WHAT IS REQUIRED >>
Leave out every picture, and output exactly the lines from the line containing "Dog Bikini Swimsuit" through the last line of the data.
▽
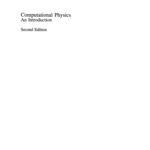 خرید و دانلود نسخه کامل کتاب Computational Physics: An Introduction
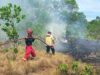 Sehari 4 Kali Terjadi Kebakaran, Damkar Karimun Sampai Kewalahan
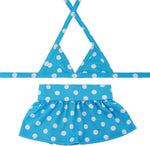 Dog Bikini Swimsuit Summer Puppy Bathing Dress Beach Clothes Cat Costume for Puppy Dog Cat Peach M - Image 9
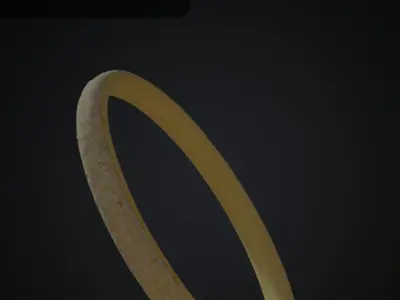3d model of persian bracelet  3D model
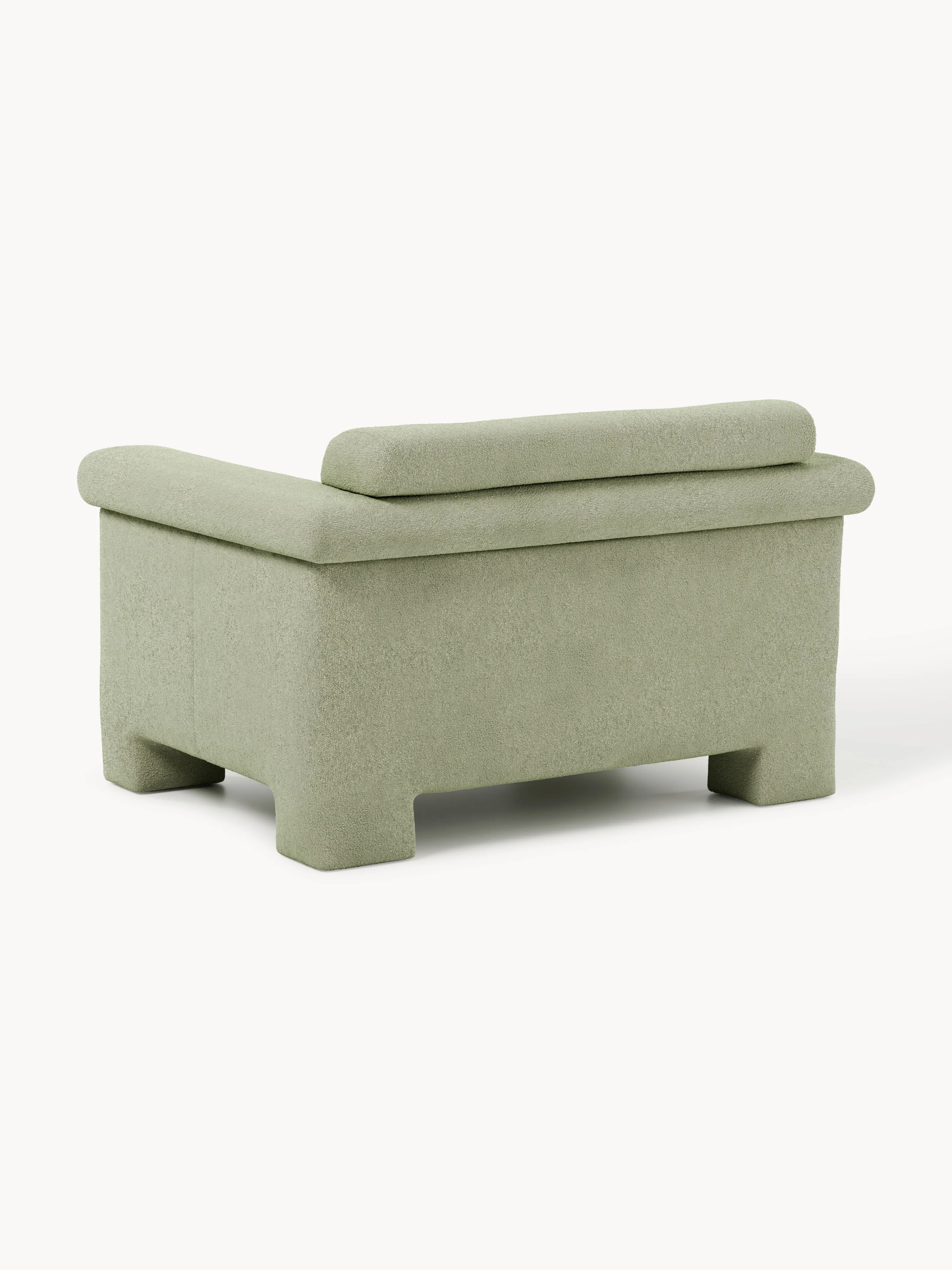 Bouclé fauteuil Atlas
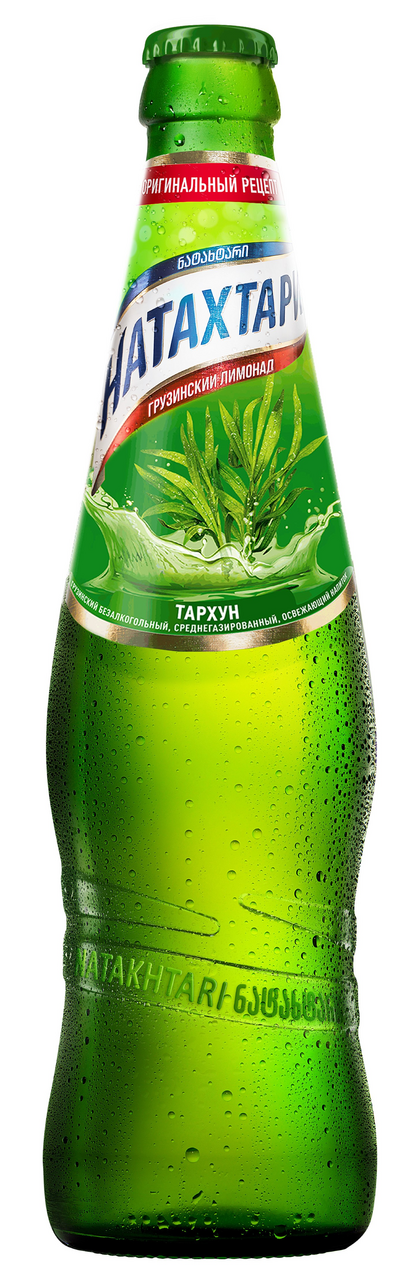 Напиток Натахтари Тархун газированный, 500мл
△
ANSWER FOR THE TASK >>
 Dog Bikini Swimsuit Summer Puppy Bathing Dress Beach Clothes Cat Costume for Puppy Dog Cat Peach M - Image 9
3d model of persian bracelet  3D model
 Bouclé fauteuil Atlas
 Напиток Натахтари Тархун газированный, 500мл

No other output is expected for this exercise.